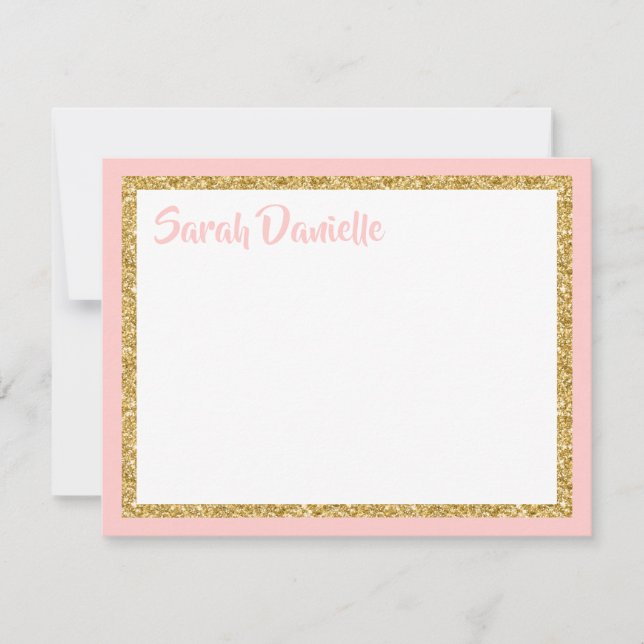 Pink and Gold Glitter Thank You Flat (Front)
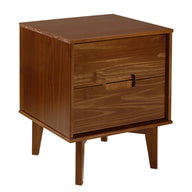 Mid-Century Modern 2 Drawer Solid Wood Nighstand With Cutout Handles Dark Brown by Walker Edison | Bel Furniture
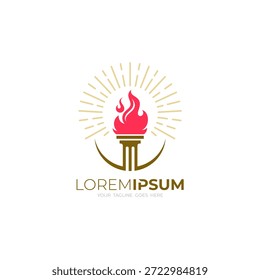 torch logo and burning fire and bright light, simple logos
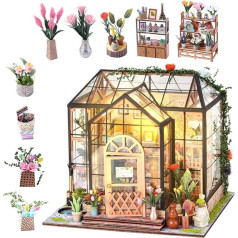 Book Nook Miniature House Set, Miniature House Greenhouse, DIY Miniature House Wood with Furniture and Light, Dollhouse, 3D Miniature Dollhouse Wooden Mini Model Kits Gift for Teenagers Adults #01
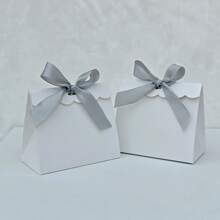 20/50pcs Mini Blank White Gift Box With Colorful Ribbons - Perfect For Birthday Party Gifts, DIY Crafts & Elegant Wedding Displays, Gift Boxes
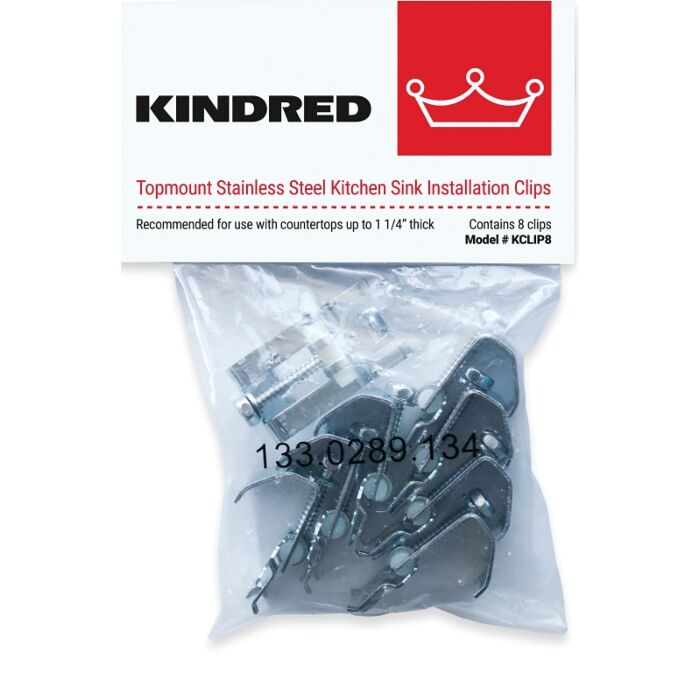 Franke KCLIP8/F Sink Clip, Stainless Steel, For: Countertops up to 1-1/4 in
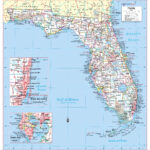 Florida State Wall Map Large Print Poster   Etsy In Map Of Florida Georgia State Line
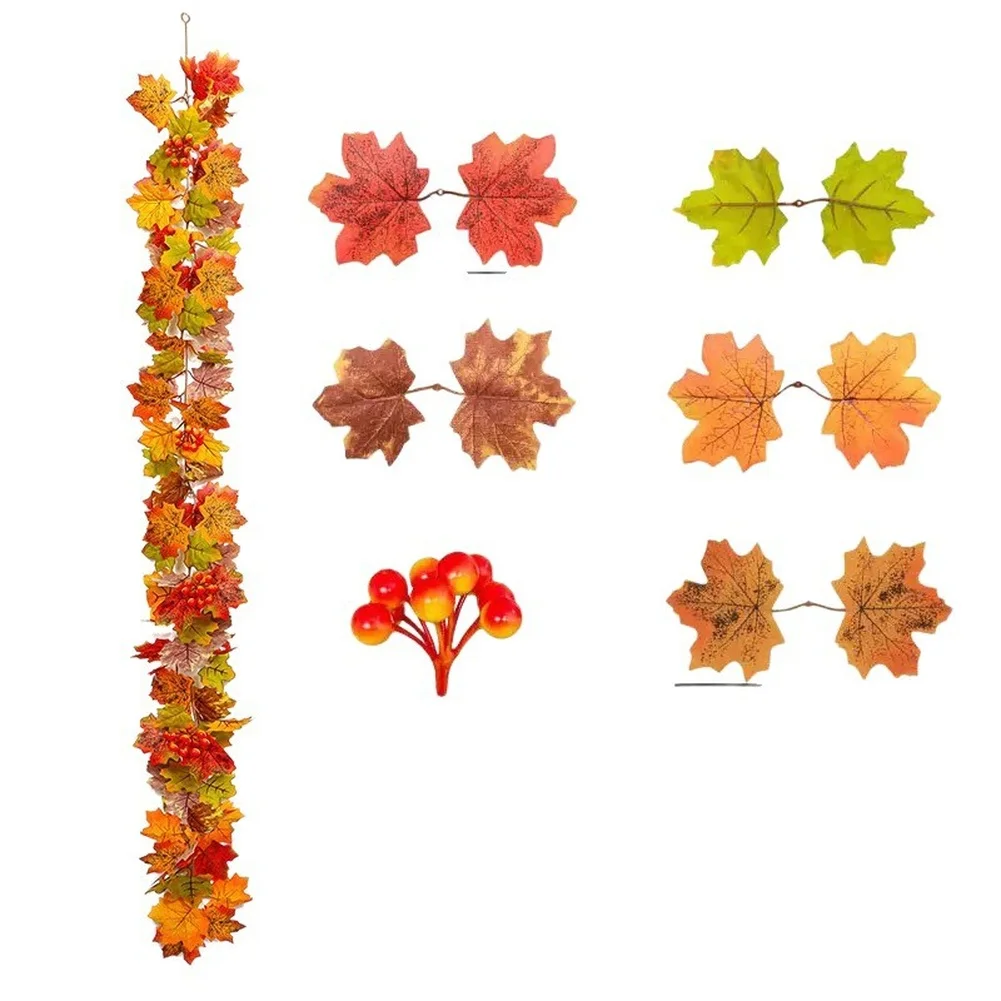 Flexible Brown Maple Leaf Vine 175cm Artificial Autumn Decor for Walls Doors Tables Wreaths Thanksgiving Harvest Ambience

::::::

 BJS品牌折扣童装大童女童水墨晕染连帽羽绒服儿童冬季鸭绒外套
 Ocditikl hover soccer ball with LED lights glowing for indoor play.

::::::

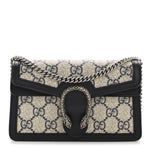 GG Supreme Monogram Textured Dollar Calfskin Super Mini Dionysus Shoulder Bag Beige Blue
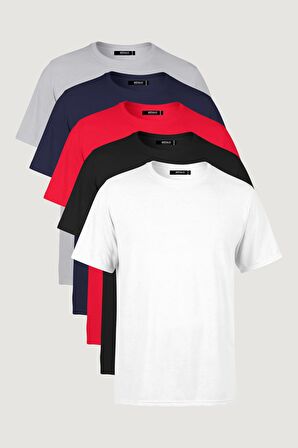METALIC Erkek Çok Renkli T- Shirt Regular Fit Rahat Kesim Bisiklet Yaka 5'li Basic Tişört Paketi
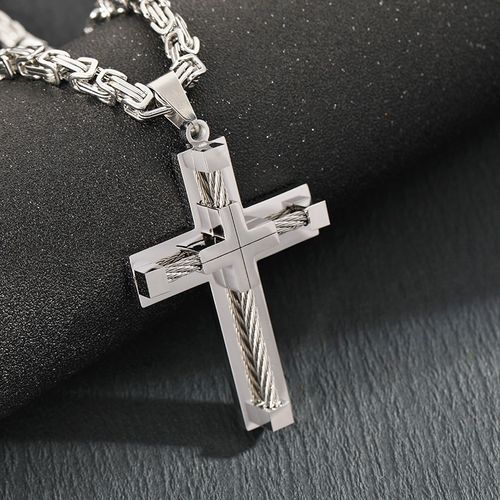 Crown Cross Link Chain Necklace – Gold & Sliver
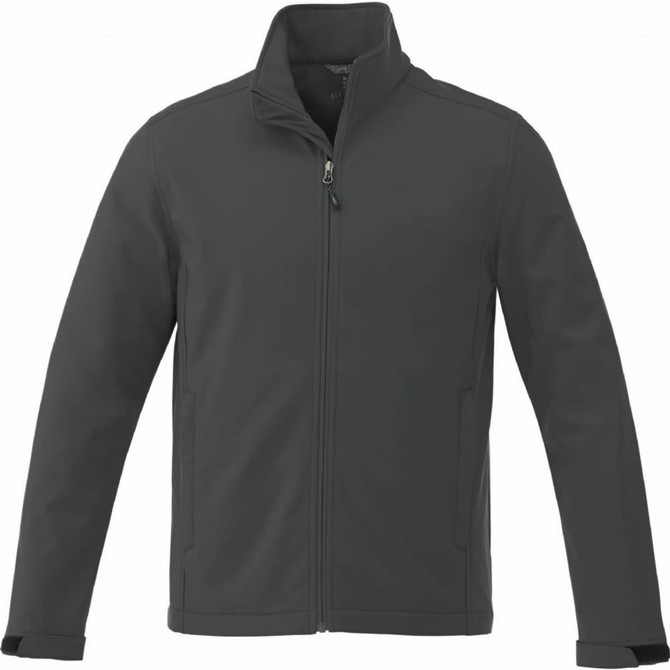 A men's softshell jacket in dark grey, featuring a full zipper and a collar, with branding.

::::::

▸ **Problem statement**: I would like the exact lines from the data above, starting with the one that holds "Pink and Gold Glitter Thank You Flat (Front)" and going on through the one that holds "torch logo and", without the pictures.

▸ **Reply to the exercise**:
 Pink and Gold Glitter Thank You Flat (Front)
 Mid-Century Modern 2 Drawer Solid Wood Nighstand With Cutout Handles Dark Brown by Walker Edison | Bel Furniture
 torch logo and burning fire and bright light, simple logos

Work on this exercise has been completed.